Top of INPUT
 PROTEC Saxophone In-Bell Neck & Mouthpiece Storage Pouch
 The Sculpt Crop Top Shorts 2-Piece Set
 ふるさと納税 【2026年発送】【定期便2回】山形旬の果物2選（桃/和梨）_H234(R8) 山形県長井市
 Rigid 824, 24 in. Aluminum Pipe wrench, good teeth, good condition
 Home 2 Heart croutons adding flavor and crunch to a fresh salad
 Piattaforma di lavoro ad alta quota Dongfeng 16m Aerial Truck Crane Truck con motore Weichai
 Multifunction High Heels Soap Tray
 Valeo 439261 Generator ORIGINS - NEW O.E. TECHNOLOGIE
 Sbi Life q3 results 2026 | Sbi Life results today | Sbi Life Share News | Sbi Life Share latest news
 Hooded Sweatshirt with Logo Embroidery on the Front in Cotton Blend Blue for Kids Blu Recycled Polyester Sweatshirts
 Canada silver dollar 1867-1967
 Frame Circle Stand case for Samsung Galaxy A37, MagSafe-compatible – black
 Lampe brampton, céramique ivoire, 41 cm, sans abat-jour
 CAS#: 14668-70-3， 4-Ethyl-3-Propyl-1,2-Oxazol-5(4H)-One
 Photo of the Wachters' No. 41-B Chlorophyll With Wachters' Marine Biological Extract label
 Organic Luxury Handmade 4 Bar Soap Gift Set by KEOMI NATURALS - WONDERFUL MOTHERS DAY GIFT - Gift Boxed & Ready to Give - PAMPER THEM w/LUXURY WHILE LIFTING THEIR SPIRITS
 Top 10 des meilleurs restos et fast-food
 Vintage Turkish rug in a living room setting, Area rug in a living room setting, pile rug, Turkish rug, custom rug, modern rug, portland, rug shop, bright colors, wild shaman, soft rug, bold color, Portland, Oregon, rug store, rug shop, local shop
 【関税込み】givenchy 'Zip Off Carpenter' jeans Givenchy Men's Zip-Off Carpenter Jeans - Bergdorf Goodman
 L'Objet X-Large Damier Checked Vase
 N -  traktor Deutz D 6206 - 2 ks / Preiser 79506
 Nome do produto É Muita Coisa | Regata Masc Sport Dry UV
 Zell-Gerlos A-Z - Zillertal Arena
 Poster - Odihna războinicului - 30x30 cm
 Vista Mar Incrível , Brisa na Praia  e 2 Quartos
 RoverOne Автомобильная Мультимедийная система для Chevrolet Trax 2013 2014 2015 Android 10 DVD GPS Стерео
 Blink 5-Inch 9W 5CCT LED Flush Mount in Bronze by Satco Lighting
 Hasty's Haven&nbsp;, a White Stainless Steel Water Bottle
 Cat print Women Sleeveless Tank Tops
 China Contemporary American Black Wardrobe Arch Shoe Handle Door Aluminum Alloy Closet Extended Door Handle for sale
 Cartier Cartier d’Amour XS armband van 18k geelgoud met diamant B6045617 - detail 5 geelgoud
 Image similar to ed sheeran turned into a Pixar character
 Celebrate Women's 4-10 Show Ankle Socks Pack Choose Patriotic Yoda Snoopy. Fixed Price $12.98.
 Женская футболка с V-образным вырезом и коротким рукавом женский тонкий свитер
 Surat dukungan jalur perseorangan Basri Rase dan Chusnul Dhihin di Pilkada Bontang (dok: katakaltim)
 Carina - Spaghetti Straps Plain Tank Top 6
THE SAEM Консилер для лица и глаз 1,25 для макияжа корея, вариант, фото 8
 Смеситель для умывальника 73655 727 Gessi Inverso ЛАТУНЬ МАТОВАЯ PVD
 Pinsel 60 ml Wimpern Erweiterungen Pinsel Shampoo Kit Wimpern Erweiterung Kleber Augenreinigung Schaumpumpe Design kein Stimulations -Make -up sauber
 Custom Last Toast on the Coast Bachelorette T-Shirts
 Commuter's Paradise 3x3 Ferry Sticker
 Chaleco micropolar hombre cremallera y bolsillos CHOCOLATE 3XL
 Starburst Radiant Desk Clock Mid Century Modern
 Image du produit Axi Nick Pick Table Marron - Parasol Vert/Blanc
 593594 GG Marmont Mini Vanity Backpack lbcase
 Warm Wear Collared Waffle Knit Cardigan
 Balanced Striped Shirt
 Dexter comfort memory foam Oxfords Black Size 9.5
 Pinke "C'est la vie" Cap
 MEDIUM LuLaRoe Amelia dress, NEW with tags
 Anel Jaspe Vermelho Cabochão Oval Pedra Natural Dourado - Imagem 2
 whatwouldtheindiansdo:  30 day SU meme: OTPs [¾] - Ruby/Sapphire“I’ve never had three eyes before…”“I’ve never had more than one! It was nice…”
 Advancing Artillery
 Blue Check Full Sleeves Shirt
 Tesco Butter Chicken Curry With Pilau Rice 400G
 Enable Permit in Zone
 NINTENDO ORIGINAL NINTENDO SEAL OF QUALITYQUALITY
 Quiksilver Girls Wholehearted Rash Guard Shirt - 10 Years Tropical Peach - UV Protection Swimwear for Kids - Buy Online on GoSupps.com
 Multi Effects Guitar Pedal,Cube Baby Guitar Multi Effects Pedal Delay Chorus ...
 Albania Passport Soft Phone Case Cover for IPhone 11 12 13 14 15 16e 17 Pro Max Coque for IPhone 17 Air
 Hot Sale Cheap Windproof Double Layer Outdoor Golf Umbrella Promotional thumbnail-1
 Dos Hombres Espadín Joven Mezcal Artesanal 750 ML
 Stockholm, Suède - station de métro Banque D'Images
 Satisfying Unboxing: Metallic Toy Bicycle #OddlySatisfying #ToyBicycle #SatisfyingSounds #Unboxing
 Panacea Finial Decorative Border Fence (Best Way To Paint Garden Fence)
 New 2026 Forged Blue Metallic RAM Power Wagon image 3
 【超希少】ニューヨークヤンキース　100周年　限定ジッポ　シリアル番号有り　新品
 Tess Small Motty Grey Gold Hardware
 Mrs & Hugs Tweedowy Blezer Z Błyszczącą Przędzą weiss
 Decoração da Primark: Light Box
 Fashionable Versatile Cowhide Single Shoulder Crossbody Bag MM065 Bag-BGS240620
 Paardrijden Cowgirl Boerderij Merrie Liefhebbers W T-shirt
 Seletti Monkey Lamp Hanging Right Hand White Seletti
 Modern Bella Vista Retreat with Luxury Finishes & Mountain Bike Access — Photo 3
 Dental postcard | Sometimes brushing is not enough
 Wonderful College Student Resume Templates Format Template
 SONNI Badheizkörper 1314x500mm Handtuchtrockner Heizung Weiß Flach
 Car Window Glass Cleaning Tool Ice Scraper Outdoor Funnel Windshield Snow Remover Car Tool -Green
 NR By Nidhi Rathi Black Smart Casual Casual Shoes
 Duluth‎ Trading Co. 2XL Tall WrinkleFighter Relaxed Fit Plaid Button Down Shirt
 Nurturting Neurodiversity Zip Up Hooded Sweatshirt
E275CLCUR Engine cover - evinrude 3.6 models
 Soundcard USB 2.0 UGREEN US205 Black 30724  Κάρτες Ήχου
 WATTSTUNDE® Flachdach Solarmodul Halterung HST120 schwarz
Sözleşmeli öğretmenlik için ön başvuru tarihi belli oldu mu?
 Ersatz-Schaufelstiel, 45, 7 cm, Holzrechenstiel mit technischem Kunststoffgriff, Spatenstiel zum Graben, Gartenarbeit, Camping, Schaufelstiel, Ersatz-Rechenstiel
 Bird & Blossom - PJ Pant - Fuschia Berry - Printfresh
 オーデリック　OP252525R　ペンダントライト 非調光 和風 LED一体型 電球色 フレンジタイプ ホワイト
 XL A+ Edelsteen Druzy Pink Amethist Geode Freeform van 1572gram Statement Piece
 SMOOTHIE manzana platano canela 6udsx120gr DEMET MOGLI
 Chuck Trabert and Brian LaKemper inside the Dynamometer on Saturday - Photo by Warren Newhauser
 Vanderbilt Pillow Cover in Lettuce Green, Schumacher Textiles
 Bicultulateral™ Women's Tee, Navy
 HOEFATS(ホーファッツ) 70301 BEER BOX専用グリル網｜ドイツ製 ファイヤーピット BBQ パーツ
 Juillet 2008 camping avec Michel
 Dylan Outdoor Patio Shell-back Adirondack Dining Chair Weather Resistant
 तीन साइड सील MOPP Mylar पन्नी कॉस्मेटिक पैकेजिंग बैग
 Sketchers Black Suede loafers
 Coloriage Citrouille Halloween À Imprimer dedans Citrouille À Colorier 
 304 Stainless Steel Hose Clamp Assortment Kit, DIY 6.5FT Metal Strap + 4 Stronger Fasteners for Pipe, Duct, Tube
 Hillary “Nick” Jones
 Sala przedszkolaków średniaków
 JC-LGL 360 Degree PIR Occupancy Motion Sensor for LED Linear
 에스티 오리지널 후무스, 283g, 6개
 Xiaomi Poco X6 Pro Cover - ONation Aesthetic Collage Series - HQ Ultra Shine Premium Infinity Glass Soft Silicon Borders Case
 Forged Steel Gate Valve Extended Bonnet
Bottom of INPUT
* DIRECTIONS *
For this exercise, please output exactly the lines above starting at the line with "Tesco Butter Chicken" and ending at the line with "NR By Nidhi", ends included.

* FINAL ANSWER *
 Tesco Butter Chicken Curry With Pilau Rice 400G
 Enable Permit in Zone
 NINTENDO ORIGINAL NINTENDO SEAL OF QUALITYQUALITY
 Quiksilver Girls Wholehearted Rash Guard Shirt - 10 Years Tropical Peach - UV Protection Swimwear for Kids - Buy Online on GoSupps.com
 Multi Effects Guitar Pedal,Cube Baby Guitar Multi Effects Pedal Delay Chorus ...
 Albania Passport Soft Phone Case Cover for IPhone 11 12 13 14 15 16e 17 Pro Max Coque for IPhone 17 Air
 Hot Sale Cheap Windproof Double Layer Outdoor Golf Umbrella Promotional thumbnail-1
 Dos Hombres Espadín Joven Mezcal Artesanal 750 ML
 Stockholm, Suède - station de métro Banque D'Images
 Satisfying Unboxing: Metallic Toy Bicycle #OddlySatisfying #ToyBicycle #SatisfyingSounds #Unboxing
 Panacea Finial Decorative Border Fence (Best Way To Paint Garden Fence)
 New 2026 Forged Blue Metallic RAM Power Wagon image 3
 【超希少】ニューヨークヤンキース　100周年　限定ジッポ　シリアル番号有り　新品
 Tess Small Motty Grey Gold Hardware
 Mrs & Hugs Tweedowy Blezer Z Błyszczącą Przędzą weiss
 Decoração da Primark: Light Box
 Fashionable Versatile Cowhide Single Shoulder Crossbody Bag MM065 Bag-BGS240620
 Paardrijden Cowgirl Boerderij Merrie Liefhebbers W T-shirt
 Seletti Monkey Lamp Hanging Right Hand White Seletti
 Modern Bella Vista Retreat with Luxury Finishes & Mountain Bike Access — Photo 3
 Dental postcard | Sometimes brushing is not enough
 Wonderful College Student Resume Templates Format Template
 SONNI Badheizkörper 1314x500mm Handtuchtrockner Heizung Weiß Flach
 Car Window Glass Cleaning Tool Ice Scraper Outdoor Funnel Windshield Snow Remover Car Tool -Green
 NR By Nidhi Rathi Black Smart Casual Casual Shoes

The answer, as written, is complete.